I had a dream that I went to a Eurotrash production of Das Rheingold last night. It was the most bizarre thing I've ever seen. Enormous stage full of weird Easter-Island Moai-type statues. Children were playing the instruments. I had to leave during the first act to go to the washroom. However the washrooms were all weird, the toilets were upside down or on a weird tilt. So I went washroom to washroom until I finally found one that I thought I could use, it was a room with four rotating toilets in the middle separated by glass walls like a revolving door. Despite the lack of privacy, I used one, but then the hose came dislodged from the rotating shaft and sprayed pee all over the room and myself. I then had to go find another bathroom to clean up, and a clothes shop. I found both in a nearby restaurant. However while I was getting ready one of my friends from high school came and asked where I had been because it's already the fourth act. I was very sad that I had missed the Descent into Nibelheim. By the time I was showered and returned to the opera it was over. Damn it.


----------



## Lukecash12 (Sep 21, 2009)

Couchie said:


> I had a dream that I went to a Eurotrash production of Das Rheingold last night. It was the most bizarre thing I've ever seen. Enormous stage full of weird Easter-Island Moai-type statues. Children were playing the instruments. I had to leave during the first act to go to the washroom. However the washrooms were all weird, the toilets were upside down or on a weird tilt. So I went washroom to washroom until I finally found one that I thought I could use, it was a room with four rotating toilets in the middle separated by glass walls like a revolving door. Despite the lack of privacy, I used one, but then the hose came dislodged from the rotating shaft and sprayed pee all over the room and myself. I then had to go find another bathroom to clean up, and a clothes shop. I found both in a nearby restaurant. However while I was getting ready one of my friends from high school came and asked where I had been because it's already the fourth act. I was very sad that I had missed the Descent into Nibelheim. By the time I was showered and returned to the opera it was over. Damn it.

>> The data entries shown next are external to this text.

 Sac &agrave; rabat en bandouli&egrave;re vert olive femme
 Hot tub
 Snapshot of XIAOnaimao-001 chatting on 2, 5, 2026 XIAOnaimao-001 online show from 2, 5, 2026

That wasn't a dream. You popped a dozen ecstasy pills in the prison showers while men were singing faux-opera. They didn't understand why you came in completely clothed, or why you took your clothes off and proceeded to hand wash them.

When you wouldn't stop asking for new clothes, in spite of yours being clean, the prison guard watching you found out that you weren't a prisoner there, and he sent you home. Your mother then tucked you in back home, kept an eye on you because she was concerned, and then kissed your forehead and left.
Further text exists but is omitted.